Day 12 of Prison Break of Thoughts – 31 Days of Inner Release

My grandmother knew.  She gave me a beautiful gold pendant of praying hands when I was young.  She left me her Bible when she died.  The same Bible that I hardly used until I was in hospital at age 32.  Then it went with me everywhere, even though the words were blurry and I could not read them then.

She knew that I would be the one to proclaim the mystery of the gospel.  She must have been praying for me a lot.  She probably knew I would end up writing.  I used to write letters to her, as she lived in Canada and I was in Barbados.  I remember as children we would visit over the Christmas holidays.  There was a play room in the basement which we loved, toys there that we never had at home, and everywhere carpeting, cozy.   And there was another room also, Grandad’s Hobby Room and we could never enter. Grandad collected stamps, created beautiful woollen rugs, did the hardest jigsaw puzzles and I can’t remember what else.  He was gifted in many ways.  We were afraid of him sometimes, very tall, straight backed, strict, but kindly and he liked a good laugh.  He and Grannie took us on a trip to Disney World when I was 8, driving all the way from Canada.  When Grandad was diagnosed with bone cancer, and it went into remission for many years, they took the opportunity to travel extensively, overcoming his fear of flying in the process. Grannie must have been praying through that time too.

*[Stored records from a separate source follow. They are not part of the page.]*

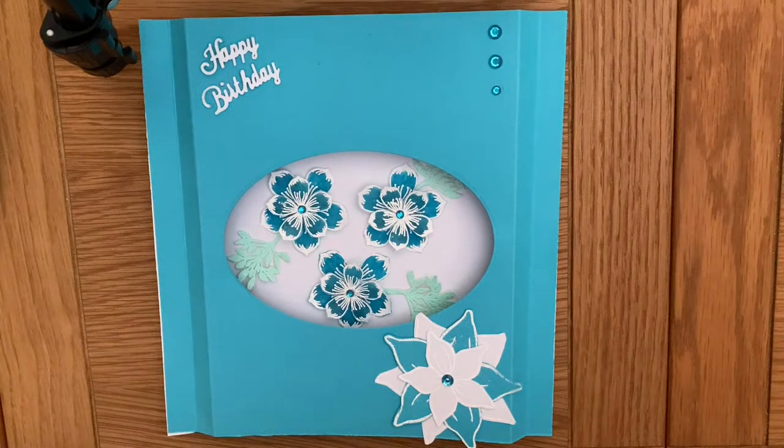Hi everyone, it's Lynne from Contenta Crafts. Welcome to my channel and thanks for joining me. What I'd like to show you today is how to make this lovely shadow box card. They are really lovely to make and I've made this as a birthday card but they can be made for lots of different occasions.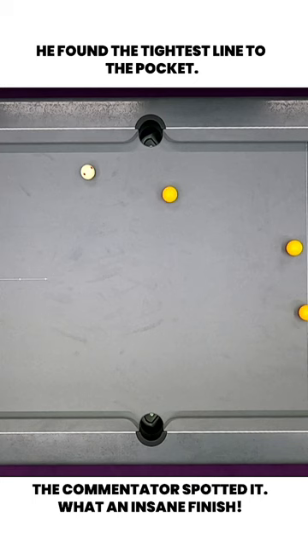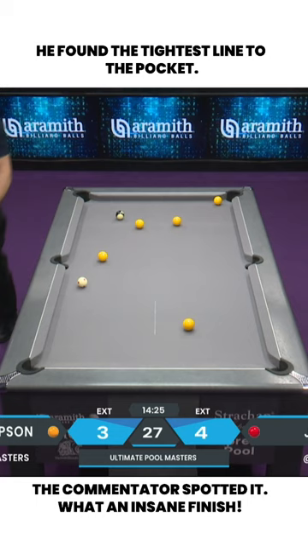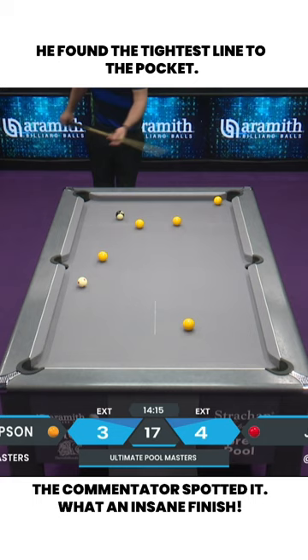It might look like a bad shot, but it's actually quite clever. He played it as a shot to nothing — concerned that if he hits it harder the cue ball would pop out. So he played it as a two-way shot, with more contact on the side of the cue ball.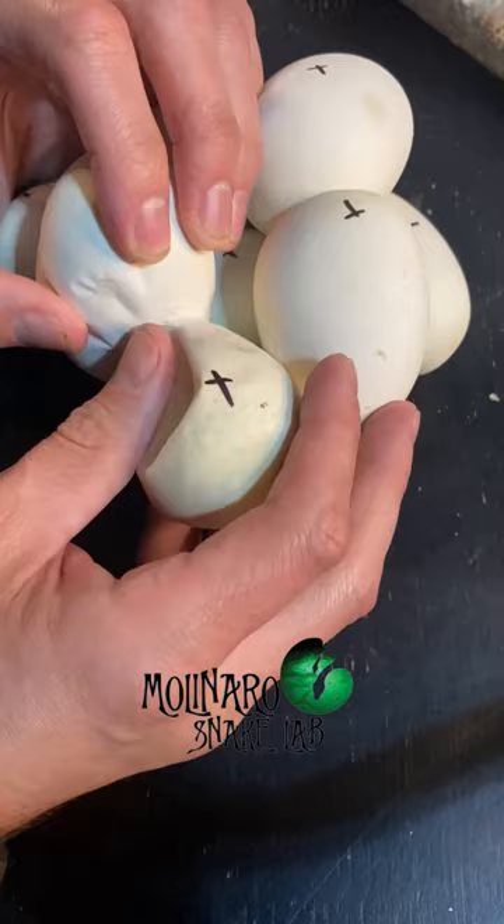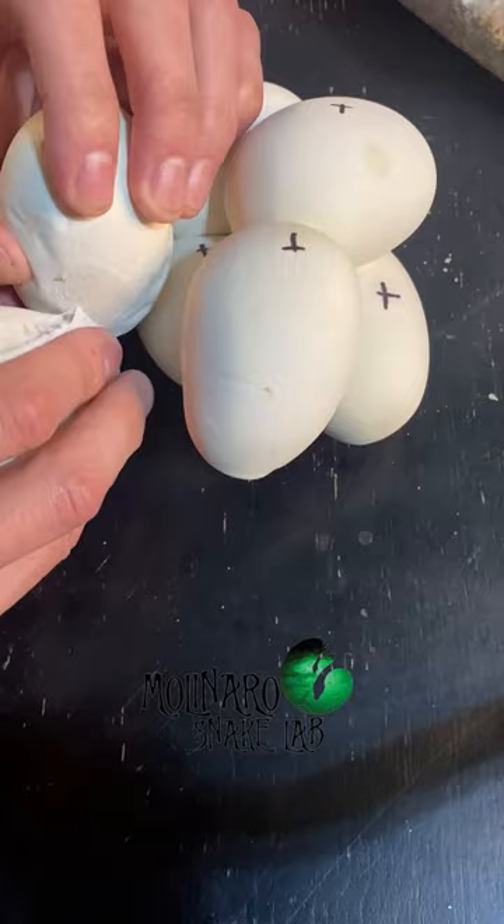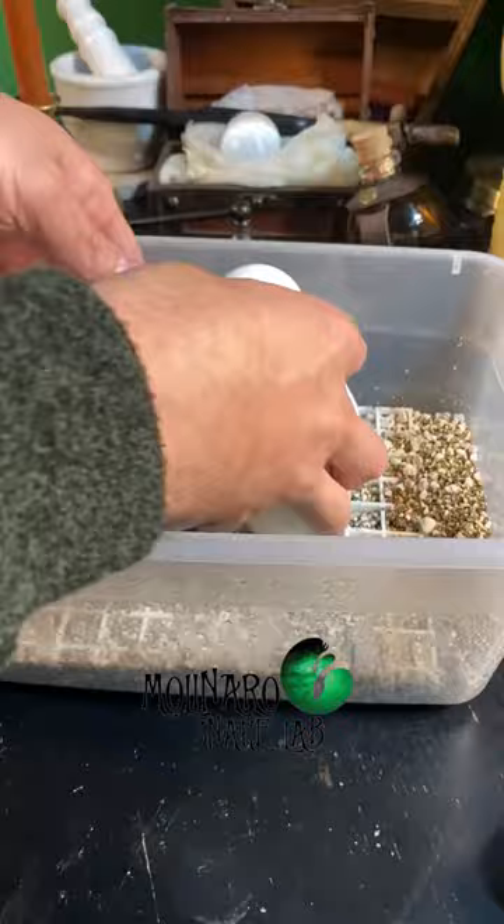After I separated the egg, I still incubated it until I was sure that the egg went bad. You could see here that it developed some wet spots, and that, coupled with the bad smell, is a good sign that the egg is going bad. After incubating that egg for a few more days, this is what it turned into.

Christmas in Canada at our grandparents house when we were little was full of excitement.  There would be a huge decorated box that contained the gifts and when we were all dressed in our Christmas frocks, we would get to pull our gifts out of the box in the beautiful drawing room that was only used on very special occasions.   I remember there was music too, but I don’t remember from what source.  We would have delicious meals at the long kitchen table, with the adults in the drawing room behind us.  Our uncle, who lived with them, would ensure we only used our own glass, and they had our initials on them.  We shared the television with him, his ball games and our cartoons, and were thrilled with the extra channels – at home there was only one channel.  It would take a very long time to get each of us dressed in our outdoor gear, to go in the snow and play.  We never stayed out long, but how I loved the snow.  So white and soft and silent, I would lie in it and make snow angels.

I will be a praying grannie too one day.  I can’t wait!  I hope they will have some vivid memories too as I did, unexpected jolts to times long past, taking us back to the simplest of family times.  My main prayer is that my children, grands and beyond will know and experience God’s love and faithfulness.  It is readily available to all.

Today is Day 12 of the series Prison Break of Thoughts – 31 days of Inner Release that I am writing for #write31days challenge.